(Brief descriptive captions)
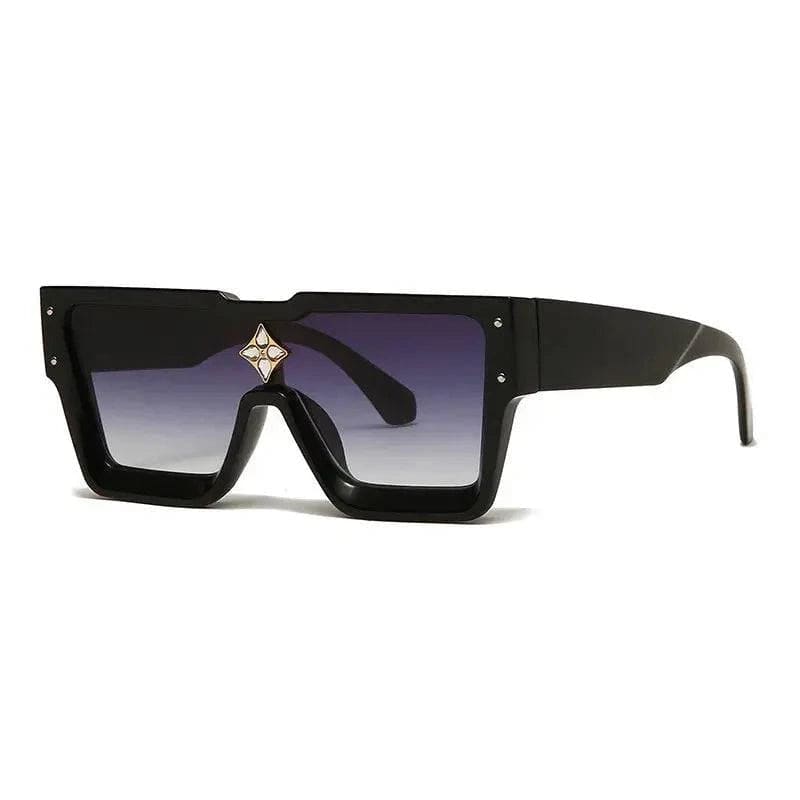 Luxury Sunglasses with Crystal Accents – SHAUNA Designer Sunglasses - Black Grey Gradient / as the picture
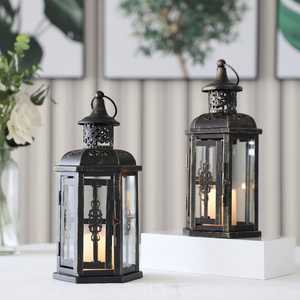 Farol de Metal Vintage, Farol Colgante con Panel de Vidrio Hecho a Mano, Decoración de Mesa para Bodas, Fiestas, Interiores y Exteriores - Product Image 4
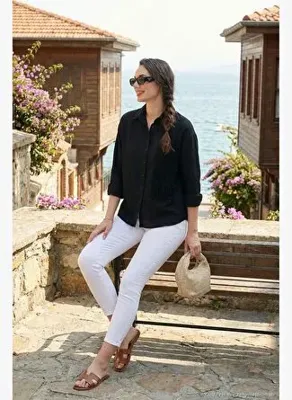 Lela Regular Fit Güpürlü Cep Detaylı Uzun Kollu Gömlek Kadın GÖMLEK 6773215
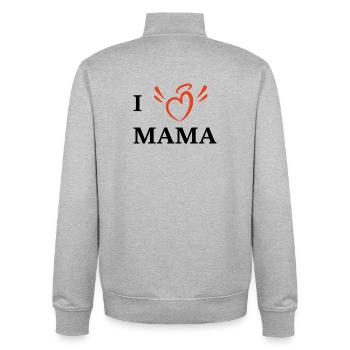 I love mom - Unisex Organic Zip Sweatshirt by Stanley/Stella - heather grey - Back - AI Model Male 185 light (185cm)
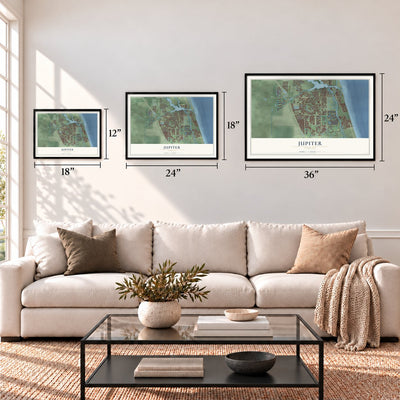 Jupiter, Florida map in 12 x 18, 18 x 24 and 24 x 36 inch sizes above a sofa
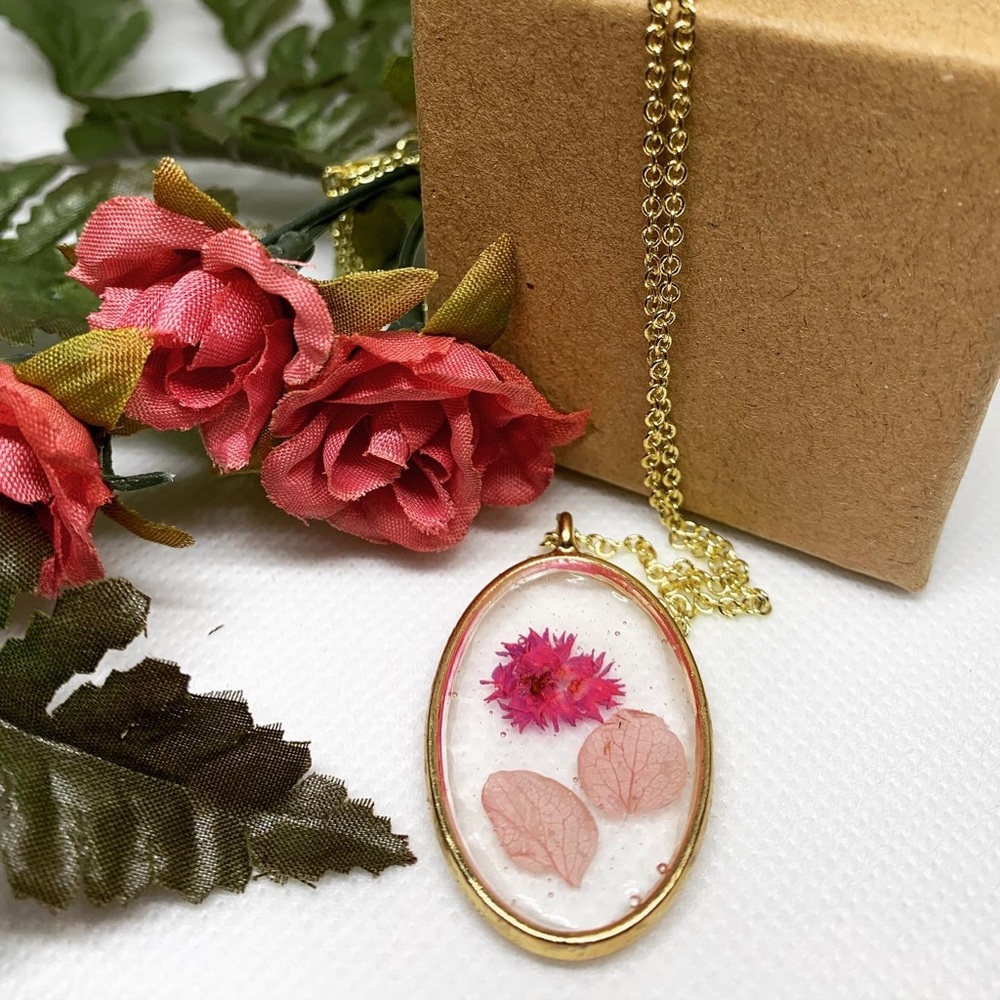 Handmade Pressed Flower Necklace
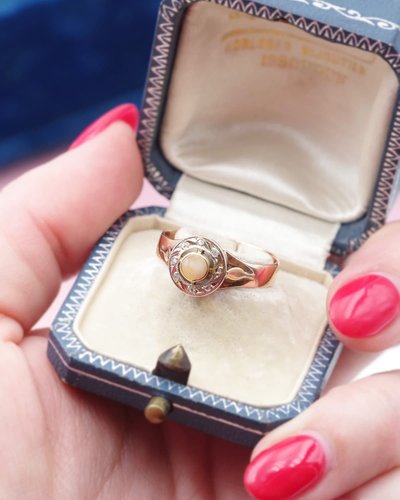 Bague souvenir dent de lait en or 18 karats et platine, bague dent de lait, bague ancienne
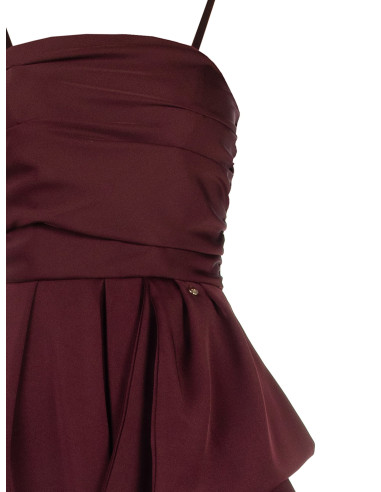 Robe longue évasée avec maxi nœud et tulle au niveau de la fente Rinascimento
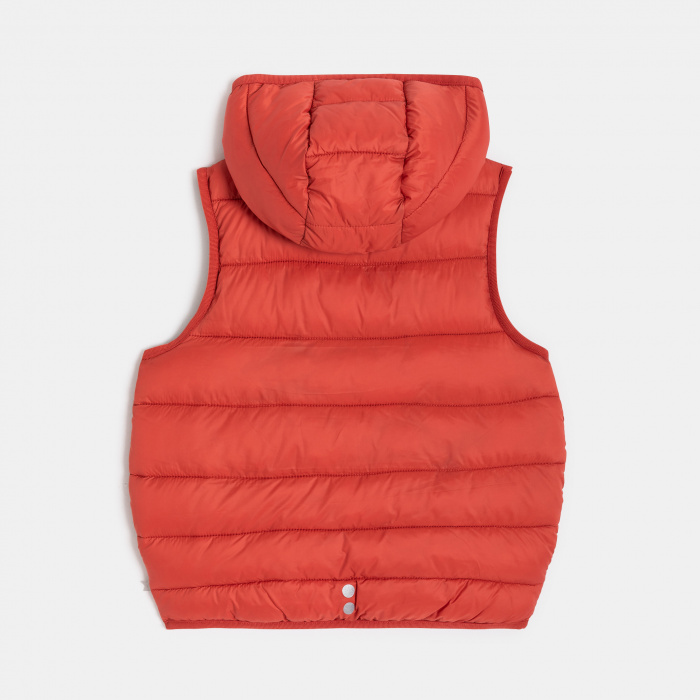 Червено пухено яке с качулка и без ръкави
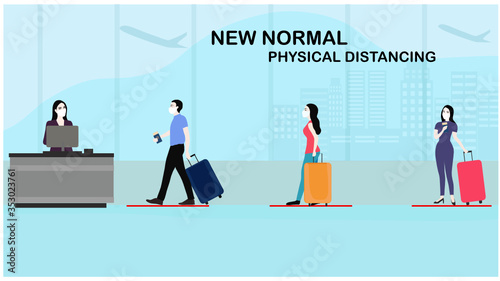 New normal in physical distancing, people keep distance from each other and wearing face mask prevention from disease outbreak vector illustration. New normal after COVID-19 pandemic concept 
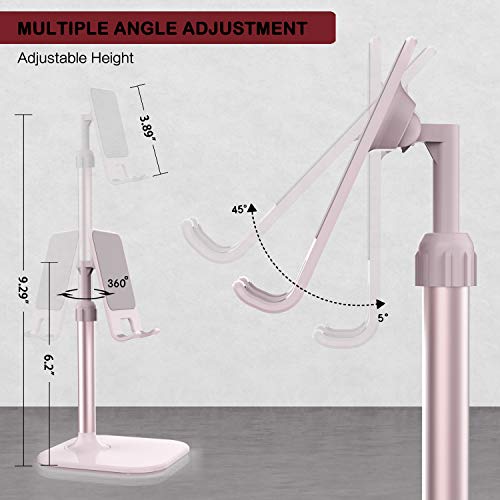 Doboli Cell Phone Stand, Valentine's Day Gifts for Teens Girls Boys Adults Women Men Mom Wife, Phone Stand for Desk, Phone Holder Stand Compatible with iPhone and All Mobile Phones Tablet, Pink - color: rose gold pink
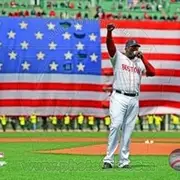 David Ortiz addresses the crowd on April 20, 2013 at Fenway Park Sports Photo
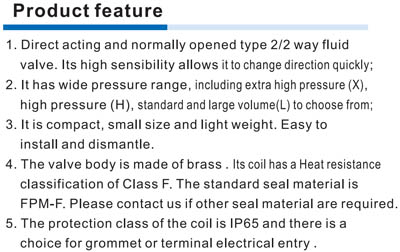 2KWA Series (Direct-acting and normally opened) Fluid control valve(2/2 way) Product Feature
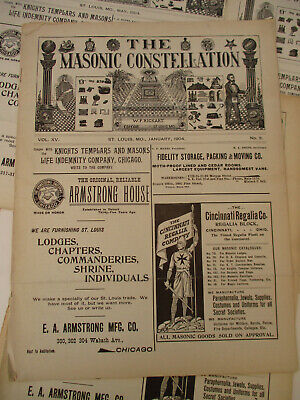 Masonic Constellation Freemasonry Antique Newspaper Knights Templar Mason 1904 Без бренда - фотография #2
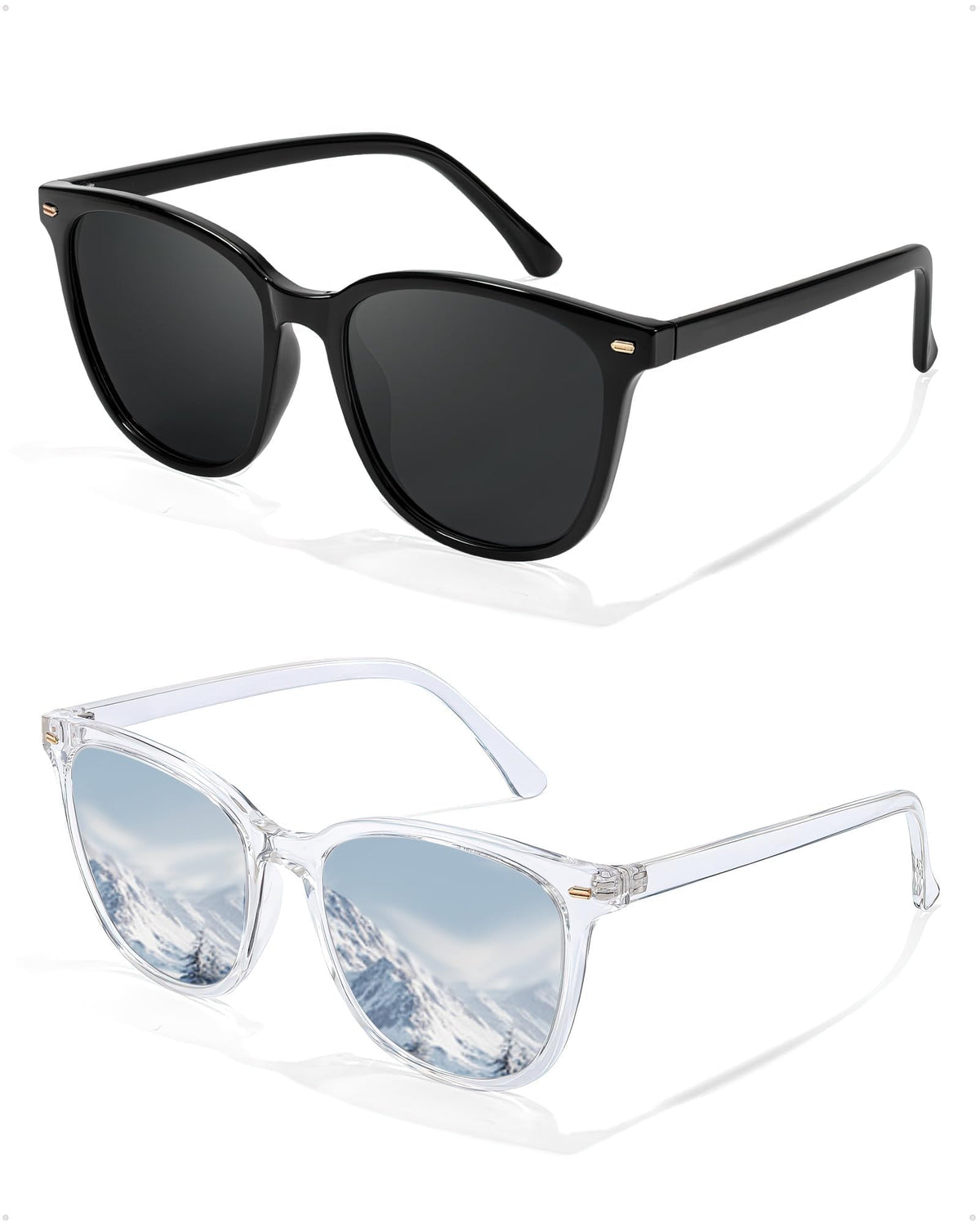 FIMILU 2 Packs Sunglasses for Women Polarized UV400 Protection Lens Big Frame Fashion Glasses Trendy Stylish Shade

Required action
Could you set down, exactly as written, every line from the start of the records above through the line containing "Farol de Metal", leaving the pictures out?

Written response
 Luxury Sunglasses with Crystal Accents – SHAUNA Designer Sunglasses - Black Grey Gradient / as the picture
 Farol de Metal Vintage, Farol Colgante con Panel de Vidrio Hecho a Mano, Decoración de Mesa para Bodas, Fiestas, Interiores y Exteriores - Product Image 4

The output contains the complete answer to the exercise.